Per the ACLU, “The GAO found that from April through June of 2008, the TNC rate for employees who were eventually authorized to work was approximately 20 times higher for foreign-born employees than for U.s. – born employees.” The Migration Policy Institute notes that “erroneous nonconfirmations will disproportionately affect citizens with foreign names, naturalized citizens, and legal immigrants.” So while it will disproportionately affect people in those categories, the GAO predicted that 164,000 citizens per year will receive a TNC for issues related to name changes. The erroneous thought is that it will only impact those who are unauthorized to work under the false premise that if you’ve done nothing wrong, you have nothing to fear. But there will almost certainly be an impact on nearly every American.

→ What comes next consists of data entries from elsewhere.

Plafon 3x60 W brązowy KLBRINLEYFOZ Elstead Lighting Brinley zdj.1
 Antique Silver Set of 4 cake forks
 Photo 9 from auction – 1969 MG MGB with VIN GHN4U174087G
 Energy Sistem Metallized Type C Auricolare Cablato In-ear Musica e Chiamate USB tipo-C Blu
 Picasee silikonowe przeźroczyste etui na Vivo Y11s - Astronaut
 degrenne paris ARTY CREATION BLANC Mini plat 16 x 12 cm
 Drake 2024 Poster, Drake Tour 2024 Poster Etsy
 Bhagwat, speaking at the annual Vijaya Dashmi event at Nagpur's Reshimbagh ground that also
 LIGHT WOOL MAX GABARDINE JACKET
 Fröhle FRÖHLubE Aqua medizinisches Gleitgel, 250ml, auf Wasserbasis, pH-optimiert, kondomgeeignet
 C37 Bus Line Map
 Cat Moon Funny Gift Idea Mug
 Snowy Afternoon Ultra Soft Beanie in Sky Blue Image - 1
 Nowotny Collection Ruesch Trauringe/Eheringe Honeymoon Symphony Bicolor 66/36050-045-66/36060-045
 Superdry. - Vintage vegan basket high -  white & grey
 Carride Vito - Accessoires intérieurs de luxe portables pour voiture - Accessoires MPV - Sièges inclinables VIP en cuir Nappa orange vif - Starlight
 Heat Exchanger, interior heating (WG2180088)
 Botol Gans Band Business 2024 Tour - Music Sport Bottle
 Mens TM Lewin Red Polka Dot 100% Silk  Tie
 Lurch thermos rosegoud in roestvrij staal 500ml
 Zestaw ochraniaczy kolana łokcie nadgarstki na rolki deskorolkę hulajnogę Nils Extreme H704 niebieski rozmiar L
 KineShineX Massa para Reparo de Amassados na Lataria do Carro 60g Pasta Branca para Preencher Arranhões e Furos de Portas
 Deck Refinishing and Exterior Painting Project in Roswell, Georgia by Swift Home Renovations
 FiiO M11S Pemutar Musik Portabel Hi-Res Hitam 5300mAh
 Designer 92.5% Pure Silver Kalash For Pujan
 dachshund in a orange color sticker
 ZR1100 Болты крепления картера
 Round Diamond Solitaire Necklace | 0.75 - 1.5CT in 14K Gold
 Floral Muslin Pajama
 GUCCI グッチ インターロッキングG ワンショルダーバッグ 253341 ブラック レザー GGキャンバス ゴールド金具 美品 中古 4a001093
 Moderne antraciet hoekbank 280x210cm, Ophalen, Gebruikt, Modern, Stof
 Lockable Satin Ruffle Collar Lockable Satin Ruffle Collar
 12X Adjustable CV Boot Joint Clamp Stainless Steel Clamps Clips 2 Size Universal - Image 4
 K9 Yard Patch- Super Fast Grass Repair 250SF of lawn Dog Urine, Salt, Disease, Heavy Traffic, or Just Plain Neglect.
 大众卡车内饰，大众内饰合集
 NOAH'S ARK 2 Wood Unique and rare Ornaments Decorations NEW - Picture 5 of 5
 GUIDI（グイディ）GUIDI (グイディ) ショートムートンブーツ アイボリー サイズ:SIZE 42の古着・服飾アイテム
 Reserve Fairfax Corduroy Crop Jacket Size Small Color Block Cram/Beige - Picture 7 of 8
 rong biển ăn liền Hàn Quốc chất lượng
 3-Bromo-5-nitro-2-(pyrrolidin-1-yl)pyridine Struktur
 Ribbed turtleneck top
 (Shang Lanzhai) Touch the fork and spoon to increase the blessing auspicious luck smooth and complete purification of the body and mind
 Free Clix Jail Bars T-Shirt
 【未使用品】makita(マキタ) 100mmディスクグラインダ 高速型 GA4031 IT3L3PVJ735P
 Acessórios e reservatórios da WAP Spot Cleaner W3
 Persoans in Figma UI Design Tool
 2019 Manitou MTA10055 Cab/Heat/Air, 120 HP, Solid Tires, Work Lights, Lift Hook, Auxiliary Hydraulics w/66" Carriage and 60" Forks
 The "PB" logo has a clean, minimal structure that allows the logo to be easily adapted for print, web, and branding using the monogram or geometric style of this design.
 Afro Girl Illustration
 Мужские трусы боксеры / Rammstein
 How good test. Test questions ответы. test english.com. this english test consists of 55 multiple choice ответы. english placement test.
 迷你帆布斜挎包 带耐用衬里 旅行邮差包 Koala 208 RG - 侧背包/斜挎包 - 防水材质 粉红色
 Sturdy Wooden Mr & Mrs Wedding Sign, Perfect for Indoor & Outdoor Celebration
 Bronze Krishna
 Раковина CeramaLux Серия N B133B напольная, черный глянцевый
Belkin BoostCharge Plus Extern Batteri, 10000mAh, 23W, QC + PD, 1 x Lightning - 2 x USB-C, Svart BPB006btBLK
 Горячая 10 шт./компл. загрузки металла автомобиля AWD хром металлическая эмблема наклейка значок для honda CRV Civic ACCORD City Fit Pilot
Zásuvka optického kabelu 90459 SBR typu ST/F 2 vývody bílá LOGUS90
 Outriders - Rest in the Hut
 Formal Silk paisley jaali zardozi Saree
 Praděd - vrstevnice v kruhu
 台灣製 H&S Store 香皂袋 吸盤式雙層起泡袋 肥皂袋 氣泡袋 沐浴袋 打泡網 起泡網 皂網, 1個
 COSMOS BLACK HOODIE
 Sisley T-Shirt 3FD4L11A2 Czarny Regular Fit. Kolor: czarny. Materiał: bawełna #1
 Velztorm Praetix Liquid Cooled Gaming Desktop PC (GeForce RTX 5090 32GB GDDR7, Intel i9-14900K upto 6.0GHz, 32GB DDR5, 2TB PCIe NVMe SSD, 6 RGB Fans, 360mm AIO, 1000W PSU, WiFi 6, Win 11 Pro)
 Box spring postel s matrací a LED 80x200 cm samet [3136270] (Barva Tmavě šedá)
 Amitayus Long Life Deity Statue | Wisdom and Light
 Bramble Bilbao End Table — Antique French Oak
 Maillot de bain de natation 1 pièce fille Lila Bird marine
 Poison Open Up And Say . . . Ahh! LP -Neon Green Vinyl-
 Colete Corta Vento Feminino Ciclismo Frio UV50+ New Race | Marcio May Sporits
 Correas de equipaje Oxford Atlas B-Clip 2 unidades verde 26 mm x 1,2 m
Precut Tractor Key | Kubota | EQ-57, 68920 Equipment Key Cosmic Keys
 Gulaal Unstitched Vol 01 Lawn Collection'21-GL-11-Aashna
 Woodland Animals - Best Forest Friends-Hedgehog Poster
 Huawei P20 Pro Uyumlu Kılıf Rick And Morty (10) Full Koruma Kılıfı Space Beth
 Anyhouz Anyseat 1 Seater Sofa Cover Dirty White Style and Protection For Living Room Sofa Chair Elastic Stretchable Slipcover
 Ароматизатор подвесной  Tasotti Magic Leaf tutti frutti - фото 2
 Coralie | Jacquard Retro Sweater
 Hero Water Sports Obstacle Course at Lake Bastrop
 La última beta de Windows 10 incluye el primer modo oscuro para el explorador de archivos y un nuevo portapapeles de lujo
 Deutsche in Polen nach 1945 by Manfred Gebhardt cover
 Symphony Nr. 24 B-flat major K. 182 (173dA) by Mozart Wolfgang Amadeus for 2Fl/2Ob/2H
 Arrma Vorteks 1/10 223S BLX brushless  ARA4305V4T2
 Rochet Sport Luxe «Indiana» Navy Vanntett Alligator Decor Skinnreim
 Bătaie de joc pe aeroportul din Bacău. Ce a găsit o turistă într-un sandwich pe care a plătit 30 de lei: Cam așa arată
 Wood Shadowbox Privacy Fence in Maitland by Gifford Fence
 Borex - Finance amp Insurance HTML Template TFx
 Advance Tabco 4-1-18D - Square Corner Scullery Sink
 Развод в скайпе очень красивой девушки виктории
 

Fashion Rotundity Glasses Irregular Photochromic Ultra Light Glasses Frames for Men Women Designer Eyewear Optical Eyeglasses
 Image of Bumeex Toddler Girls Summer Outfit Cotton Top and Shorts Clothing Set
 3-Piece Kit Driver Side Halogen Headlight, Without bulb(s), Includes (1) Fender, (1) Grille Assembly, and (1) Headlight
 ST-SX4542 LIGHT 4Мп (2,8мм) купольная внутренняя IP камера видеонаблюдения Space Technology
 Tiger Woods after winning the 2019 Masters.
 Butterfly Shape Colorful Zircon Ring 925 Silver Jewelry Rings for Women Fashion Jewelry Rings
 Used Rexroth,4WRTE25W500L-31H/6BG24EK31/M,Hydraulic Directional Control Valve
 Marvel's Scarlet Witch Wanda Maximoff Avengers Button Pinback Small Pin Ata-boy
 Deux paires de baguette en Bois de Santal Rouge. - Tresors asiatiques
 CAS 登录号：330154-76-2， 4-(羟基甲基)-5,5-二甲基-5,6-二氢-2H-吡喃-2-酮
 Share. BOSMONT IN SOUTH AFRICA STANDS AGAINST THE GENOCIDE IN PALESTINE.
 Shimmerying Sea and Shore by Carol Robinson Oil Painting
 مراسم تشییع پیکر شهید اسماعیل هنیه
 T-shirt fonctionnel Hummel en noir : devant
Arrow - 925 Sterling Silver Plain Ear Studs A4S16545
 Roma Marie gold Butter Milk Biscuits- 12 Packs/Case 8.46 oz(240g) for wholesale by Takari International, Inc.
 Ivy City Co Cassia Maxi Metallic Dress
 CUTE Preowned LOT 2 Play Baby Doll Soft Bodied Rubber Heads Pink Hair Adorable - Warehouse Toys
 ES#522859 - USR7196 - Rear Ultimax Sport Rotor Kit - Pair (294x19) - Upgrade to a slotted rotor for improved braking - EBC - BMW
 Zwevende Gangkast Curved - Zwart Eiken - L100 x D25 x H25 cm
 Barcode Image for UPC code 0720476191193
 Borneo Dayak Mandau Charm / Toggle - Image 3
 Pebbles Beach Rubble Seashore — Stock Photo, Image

The U.S. Chamber of Commerce often complains about the number of rules and regulations that small businesses have to follow that bury the businesses without a way of getting out to create much needed jobs. The National Immigration Law Center points out the potential impacts on small businesses with mandatory E-Verify.  An Arizona small business owner Mike Castillo stated “the program isn’t user-friendly for small business owners.” Arizona is one of the states that requires employers to use E-Verify. Castillo complained about a technical glitch that took several days to fix made it difficult for him to make a part-time hire taking time away from his core business. According to the National Immigration Law Center, only 12% of E-Verify users are small businesses, noting that many farms and small businesses do not have high-speed internet access. A Bloomberg analysis found that the use of E-Verify would have cost small businesses $2.6 billion in 2010. Bloomberg estimates that E-Verify cost small businesses currently in E-Verify $81 million. One small business in Maryland stated that it would cost $27,000 for the company to use E-Verify for one year.

The National Immigration Law Center estimates that between 50 and 75% of the U.S. agricultural labor force is made up of unauthorized workers. The National Immigration Law Center compiled testimony from Rick Roth, a farmer in Florida who said that he could not get legal residents to harvest his crops and a mandatory E-Verify bill would bankrupt farmers. The U.S. Department of Agriculture estimates that for every 1 on-farm job there are about 3.1 upstream and downstream jobs, that support and are created by the growing of agricultural products.